Sharps Removal- Patients issued a sharps bin from the diabetes clinic/hospital on first diagnosis. Some pharmacies offer this sharps disposal service, or the diabetes clinic do too. Can arrange w GP/LHB for sharps collection (Cardiff Council does NOT offer kerbside sharps disposal)
Other Technologies- Insulin Pump (attached to skin via tiny tube which is replaced every 2-3 days & pump moved to diff part of body) will deliver a set background amount of insulin into blood day and night, can add your extra mealtime insulin using the pump. Continuous glucose monitoring (CGMs) means you can check your sugar levels at any time (see patterns in your levels, sends an alert if glucose too high/low) but as interstitial fluid sugar readings are a few mins behind your blood sugar levels you'll still need to do finger-prick checks every now and then. It’s a sensor you attach to your abdomen which needs replacing every 7 days, but some models can be worn for months. Free Style Libre is a flash glucose monitoring system measures your glucose levels continuously throughout the day via interstitial fluid (few mins behind). Attach sensor to your arm and a reader will scan to see your sugar levels (can also use a smartphone app to scan the sensor), sensors usually last for 14 days.
Testing blood glucose
Glucose monitor, specific in-date test strips, primed lancing device and cotton wool pad.
PRIMING LANCET
Twist cap off lancing device
Place fresh lancet into device so grooves line up and twist off the cover, so the needle is visible – change lancet every time so you don't get skin infections
Replace device cap - it should click and then adjust the depth metre – how far the needle will puncture – this is personal preference
Pull sliding barrel at bottom of device back to prime the lancet
CALIBRATING MONITOR
Turn on monitor – put new in-date test strip inside it and test it with in-date control solution – to make sure readings are correct
Do this every time you open a new pack of test strips, if you damage your monitor and if you think the readings are wrong.
TESTING process
Wash hands with warm water and soap and dry. Then rub hands for 10 seconds – warms hands to improve blood flow to fingers
Turn on monitor and place strip inside and wait for it say it’s ready for blood
Place device firmly on side of the finger (less nerves so less painful) and press release button then remove device from site. - change fingers regularly to stop hardening of skin.
Wipe first drop of blood away with cotton pad, use second one to test make sure by touching the blood onto the test strip
If successful wipe blood with cotton pad and apply plaster
Note readings
Remove cap of device exposing lancet. Place lancet cover on table and press lancet hard into this blue plastic cover – this will cover the needle and make it easy to remove
Place lancet and cotton pad in bin
Injecting insulin
Inject in stomach, thighs, or buttocks. Inject an inch away from previous site. Prevents lumps – this reduces absorption of insulin.
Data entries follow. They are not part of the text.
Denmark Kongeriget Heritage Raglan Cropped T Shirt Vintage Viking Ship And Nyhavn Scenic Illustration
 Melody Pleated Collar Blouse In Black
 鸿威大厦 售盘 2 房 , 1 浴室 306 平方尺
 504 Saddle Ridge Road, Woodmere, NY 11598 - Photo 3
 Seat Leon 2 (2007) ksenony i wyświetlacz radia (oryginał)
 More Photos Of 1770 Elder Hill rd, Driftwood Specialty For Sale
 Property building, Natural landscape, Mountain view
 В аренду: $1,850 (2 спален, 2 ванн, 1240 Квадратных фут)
check that its correct insulin and is in date. Always check manufacturer’s instructions.
Wash hands with soap and warm water
Attach needle to pen – peel back cover, screw cap onto pen, remove white outer cover and the green cover to expose needle – change needle every time
Dial to 2 units and push plunger so you can see insulin coming out – to make sure no air stuck in there – can take multiple goes in new pens
Set correct dose
Press directly into skin and inject slowly – count to 10 
Remove needle straight without bending it
Use the white outer cap to remove the needle and dispose in yellow sharps bin
Asthma
Symptoms – episodic, worse at night/early morning, triggered by exercise, infection and exposure to cold air or allergens. Triggered by emotion and laughter in children. In adults by NSAIDS and BB use.
Common with atopic eczema, dermatitis and allergic rhinitis and family history
ACUTE EXACERBATION OF ASTHMA IN ADULTS
First-line treatment for acute asthma is a high-dose inhaled short-acting beta2 agonist (such as salbutamol) given as soon as possible. For patients with mild to moderate acute asthma, a pressurised metered-dose inhaler and spacer can be used. For patients with acute severe or life-threatening symptoms, administration via an oxygen-driven nebuliser is recommended, if available. If the response to an initial dose of nebulised short-acting beta2 agonist is poor, consider continuous nebulisation with an appropriate nebuliser. Intravenous beta2 agonists are reserved for those patients in whom inhaled therapy cannot be used reliably.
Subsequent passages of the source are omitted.